Look for "Cover" in each line of the entries, and return the matching lines.
[Opening Data excerpts section]
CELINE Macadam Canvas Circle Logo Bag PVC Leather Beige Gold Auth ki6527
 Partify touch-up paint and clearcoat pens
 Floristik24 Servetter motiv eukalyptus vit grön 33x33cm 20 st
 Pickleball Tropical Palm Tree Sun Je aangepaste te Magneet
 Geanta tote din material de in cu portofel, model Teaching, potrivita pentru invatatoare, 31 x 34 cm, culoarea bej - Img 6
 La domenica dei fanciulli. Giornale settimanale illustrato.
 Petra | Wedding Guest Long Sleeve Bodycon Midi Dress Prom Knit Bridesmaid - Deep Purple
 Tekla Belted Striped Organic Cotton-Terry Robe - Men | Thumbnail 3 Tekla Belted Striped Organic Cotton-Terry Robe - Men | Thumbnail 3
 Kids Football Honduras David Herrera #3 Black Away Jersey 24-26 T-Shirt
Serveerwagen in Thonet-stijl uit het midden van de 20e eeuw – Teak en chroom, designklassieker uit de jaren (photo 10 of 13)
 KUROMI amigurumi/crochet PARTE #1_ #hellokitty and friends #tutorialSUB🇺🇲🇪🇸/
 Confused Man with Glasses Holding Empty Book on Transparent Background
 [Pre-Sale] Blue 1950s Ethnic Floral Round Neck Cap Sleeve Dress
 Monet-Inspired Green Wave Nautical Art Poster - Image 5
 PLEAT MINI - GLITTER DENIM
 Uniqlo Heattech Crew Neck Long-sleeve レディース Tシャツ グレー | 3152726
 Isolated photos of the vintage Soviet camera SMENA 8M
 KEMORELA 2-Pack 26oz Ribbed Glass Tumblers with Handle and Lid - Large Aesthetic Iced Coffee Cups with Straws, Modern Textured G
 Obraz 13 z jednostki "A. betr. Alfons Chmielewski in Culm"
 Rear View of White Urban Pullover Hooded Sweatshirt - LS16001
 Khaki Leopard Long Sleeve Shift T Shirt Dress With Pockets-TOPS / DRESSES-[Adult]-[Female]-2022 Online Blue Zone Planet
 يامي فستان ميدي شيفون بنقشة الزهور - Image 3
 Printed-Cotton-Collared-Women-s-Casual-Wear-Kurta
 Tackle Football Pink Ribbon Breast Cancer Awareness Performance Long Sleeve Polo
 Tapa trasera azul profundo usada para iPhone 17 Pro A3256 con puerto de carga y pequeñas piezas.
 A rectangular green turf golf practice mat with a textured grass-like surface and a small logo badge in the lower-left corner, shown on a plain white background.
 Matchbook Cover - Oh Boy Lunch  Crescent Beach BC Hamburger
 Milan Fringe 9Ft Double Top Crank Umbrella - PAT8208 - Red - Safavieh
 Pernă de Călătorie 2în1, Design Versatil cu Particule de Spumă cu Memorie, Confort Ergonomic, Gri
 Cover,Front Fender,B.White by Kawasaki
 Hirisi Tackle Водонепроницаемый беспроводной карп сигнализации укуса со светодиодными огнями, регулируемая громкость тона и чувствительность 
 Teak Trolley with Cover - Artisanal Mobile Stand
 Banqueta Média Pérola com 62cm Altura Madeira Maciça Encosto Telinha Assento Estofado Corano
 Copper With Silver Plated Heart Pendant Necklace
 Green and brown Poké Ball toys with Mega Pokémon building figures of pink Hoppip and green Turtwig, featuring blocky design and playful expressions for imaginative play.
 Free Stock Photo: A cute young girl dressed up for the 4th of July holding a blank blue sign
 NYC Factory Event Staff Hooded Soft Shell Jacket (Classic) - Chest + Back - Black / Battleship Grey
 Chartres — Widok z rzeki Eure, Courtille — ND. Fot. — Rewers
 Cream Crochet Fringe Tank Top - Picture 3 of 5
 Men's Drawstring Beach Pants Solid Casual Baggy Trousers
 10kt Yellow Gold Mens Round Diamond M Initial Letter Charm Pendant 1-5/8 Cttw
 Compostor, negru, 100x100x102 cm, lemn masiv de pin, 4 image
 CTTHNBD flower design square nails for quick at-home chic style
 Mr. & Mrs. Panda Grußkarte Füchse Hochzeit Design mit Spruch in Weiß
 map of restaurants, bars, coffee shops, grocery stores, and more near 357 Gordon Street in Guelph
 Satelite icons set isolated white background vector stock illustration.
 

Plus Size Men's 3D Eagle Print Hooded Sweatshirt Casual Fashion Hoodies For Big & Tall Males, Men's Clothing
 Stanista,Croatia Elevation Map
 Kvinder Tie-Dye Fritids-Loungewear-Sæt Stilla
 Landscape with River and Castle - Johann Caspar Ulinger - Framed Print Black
[Closing Data excerpts section]
* Expected output:
 Matchbook Cover - Oh Boy Lunch  Crescent Beach BC Hamburger
 Cover,Front Fender,B.White by Kawasaki
 Teak Trolley with Cover - Artisanal Mobile Stand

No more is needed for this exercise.